Skip to contents

This vignette aims to provide a “cookbook” walking through common use cases and code patterns for rsi. If you’ve got a problem that it seems like rsi should be able to solve, hopefully this document can help – otherwise, open an issue and we’ll see if we can get you started! And if you’ve got a use case that took you a second to figure out, please feel free to open a PR to add it as an example to this document.

With that introduction out of the way, we’ll go ahead and load rsi:

And start answering: How can I…

Get one composite per year, month, or other interval?
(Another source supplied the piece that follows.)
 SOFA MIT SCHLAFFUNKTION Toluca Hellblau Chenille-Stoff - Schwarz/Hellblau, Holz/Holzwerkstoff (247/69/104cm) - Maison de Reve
If you’re looking to get separate files for several intervals, you’ll need to call get_stac_data() separately for each of those intervals. The easiest way to do this is through something like vapply() or a for-loop. Iterate along your intervals of interest, construct your start_date and end_date inside of each iteration, and call get_stac_data() using those dates as arguments:

aoi <- sf::st_point(c(-74.912131, 44.080410))
aoi <- sf::st_set_crs(sf::st_sfc(aoi), 4326)
aoi <- sf::st_buffer(sf::st_transform(aoi, 5070), 1000)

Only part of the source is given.